A Perfect Dedome?

I am not sure what happened, I made it public this time. Anyone else can't see the video from post #87 ?

I can see it

ok, I was inspired by the post of zizo and quickly finished the mod mentioned above. Just two pictures, hope you don't mind, Tom? (I do not want to derail this thread):

reflector 49mm, dedomed XP-E2 R3 1D-tint on copper, screwed on pill, arctic silver in between , driver LD25 2.0A, tailcap:2.0A. Ceiling bounce lumen estimate: 290 lumen. Throw (measured at 2 meter,3 meter and 5 meter, same results): 170klux@1m (165klux after 5 minutes), functionality: zero, this is an utterly useless flashlight.

beamshot:

I don’t know about that. Looks like it would be handy trying to find buoys out on the water. In that situation, flood reflects off the water and boat and blocks your far view. That light you built is sweet. Looks like you could see buoys way, way out there.

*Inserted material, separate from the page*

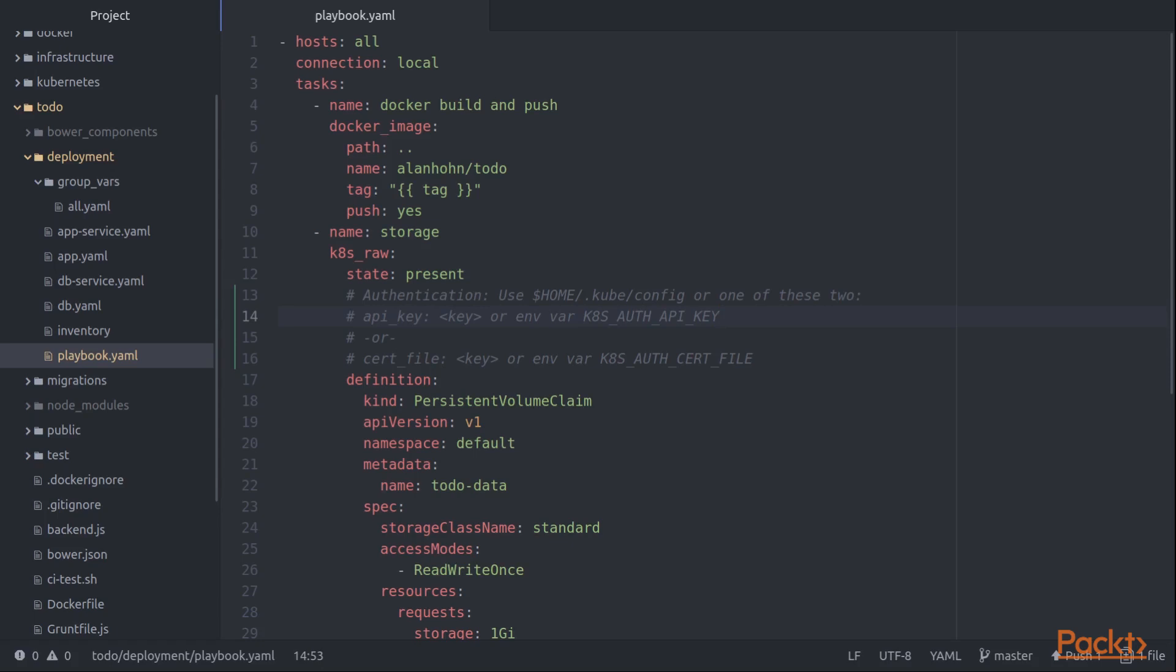Now if we don't want to use an API key, another way to do it is to use a client certificate file. So we can tell the Kubernetes cluster that we trust this particular client certificate. We can then offer that client certificate when we connect to the API and that will be how we authenticate ourselves. And we do that using cert file, or we can use this k8s_auth cert file environment variable.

Funny you mention that, I have done that many times during sailing boat races at night here in Holland, but that was 10 years ago. At the time we had big maglites for that (very useless), and lead-acid battery powered big halogen lights, those were great, but lasted 7 minutes on a battery. And now we have this in our pocket . But still an aspheric would be even better for buoy-searching because of the total lack of spill

djozz - I don't mind at all and it's not off track, that's the next phase, what are the results and what do we do with these de-dedomed emitters?

This is probably the thread to note that

I’ve wasted >$100 trying to dedome mtg2s

You CAN shave the dome off with a razor, but the phosphor is thicker than you think, and the throw gains are not as high as with other emitters (neither are the output losses).

Petrol - no go, all the phosphor will come off the center of the emitter

Same with acetone.

If you try the ‘off heatsink heat method’, the dome will bubble at the emitter and pull the phosphor off…and it takes a @#$% load of power to do that…these things can handle some serious current…

100% agree. This is the only kind of thrower I need - tight aspheric beam to avoid back scatter on the water.

In NY state, the water is often much warmer than the air (particularly in late summer and fall). The amount of back scatter at night is ridiculous. you can’t see anywhere if there is any spill.

But, if camping on a small island, this makes for quite a surreal experience - fog rising all around but no fog on the island - and there’s still a cold/clear upper atmosphere and so many stars visible 8)

GUZZALEEEN!!!!!111one

I wouldn't have tried this on a U2 otherwise, but this one was dead after a reflowing screwup, so no loss if it didn't work. Guess what? It works now. It was dead, completely dead. I'm sure it's not 100% healthy, but light comes out when you put power to it.

Nice build and numbers. What light/host are you using to get those kind of numbers?

That is sad, sorry to hear that you ruined many of those . At least by mentioning it here people are warned not to try it themselves.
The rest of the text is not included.